GOAL OF THE EXERCISE — In the material below, find the line containing "Click on that" and output it and all lines after it exactly, through the last one, without the pictures.

RECORDS FOR THE EXERCISE —
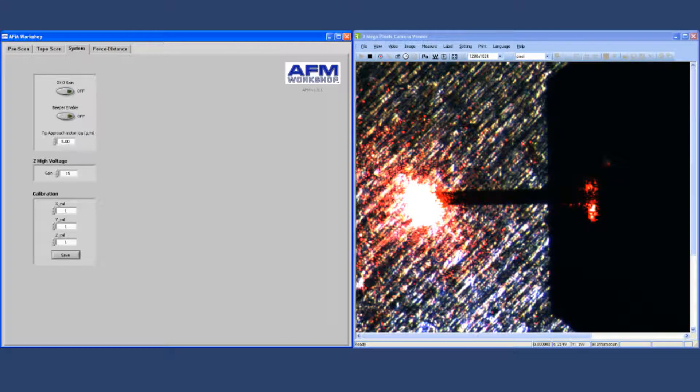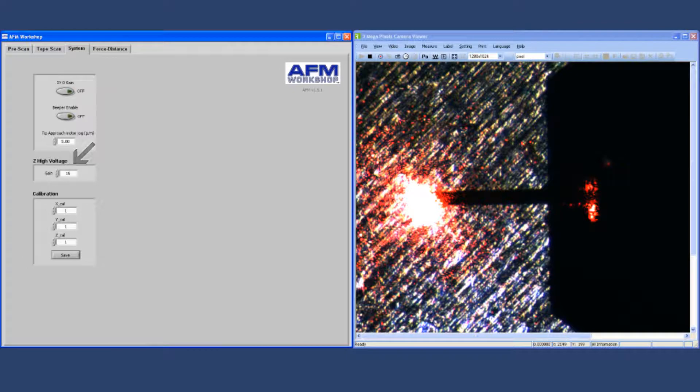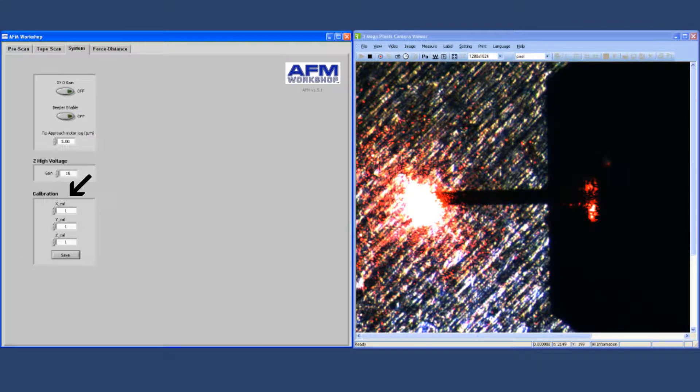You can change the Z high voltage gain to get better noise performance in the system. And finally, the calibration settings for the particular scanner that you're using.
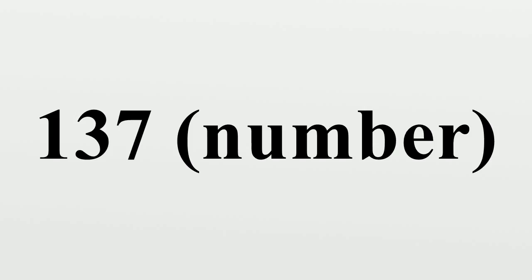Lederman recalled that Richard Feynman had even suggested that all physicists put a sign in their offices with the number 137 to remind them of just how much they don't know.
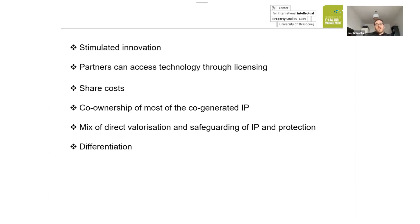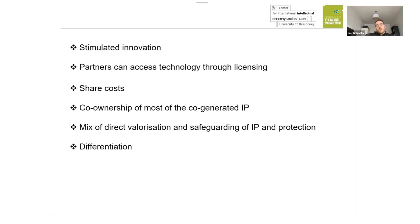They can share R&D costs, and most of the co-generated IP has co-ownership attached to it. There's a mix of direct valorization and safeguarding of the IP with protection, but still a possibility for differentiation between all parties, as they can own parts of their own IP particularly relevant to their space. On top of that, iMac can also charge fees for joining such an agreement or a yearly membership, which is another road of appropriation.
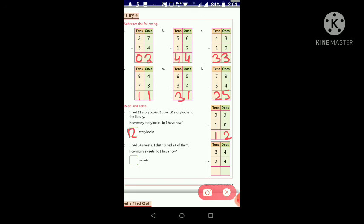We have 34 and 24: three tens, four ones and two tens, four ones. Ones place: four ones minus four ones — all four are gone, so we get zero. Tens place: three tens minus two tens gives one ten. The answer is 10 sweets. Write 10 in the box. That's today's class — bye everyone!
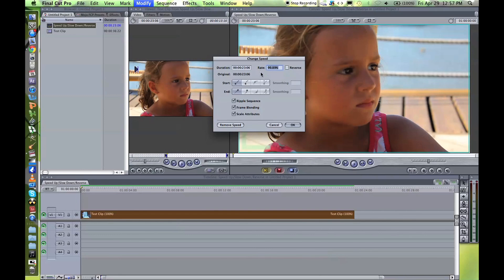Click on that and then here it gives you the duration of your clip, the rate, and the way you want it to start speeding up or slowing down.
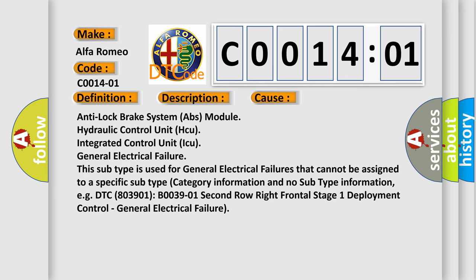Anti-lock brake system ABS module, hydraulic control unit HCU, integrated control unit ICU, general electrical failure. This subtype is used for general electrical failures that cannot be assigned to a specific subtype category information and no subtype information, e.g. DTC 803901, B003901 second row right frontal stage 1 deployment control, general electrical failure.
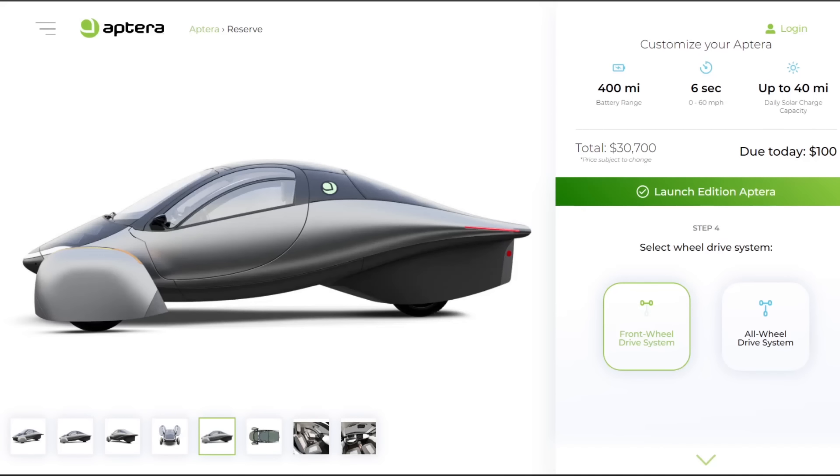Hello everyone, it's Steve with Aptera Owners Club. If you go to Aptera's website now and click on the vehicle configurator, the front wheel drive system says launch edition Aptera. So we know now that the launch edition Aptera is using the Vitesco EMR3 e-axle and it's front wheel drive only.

TASK SOLUTION —
Click on that and then here it gives you the duration of your clip, the rate, and the way you want it to start speeding up or slowing down.
Anti-lock brake system ABS module, hydraulic control unit HCU, integrated control unit ICU, general electrical failure. This subtype is used for general electrical failures that cannot be assigned to a specific subtype category information and no subtype information, e.g. DTC 803901, B003901 second row right frontal stage 1 deployment control, general electrical failure.
Hello everyone, it's Steve with Aptera Owners Club. If you go to Aptera's website now and click on the vehicle configurator, the front wheel drive system says launch edition Aptera. So we know now that the launch edition Aptera is using the Vitesco EMR3 e-axle and it's front wheel drive only.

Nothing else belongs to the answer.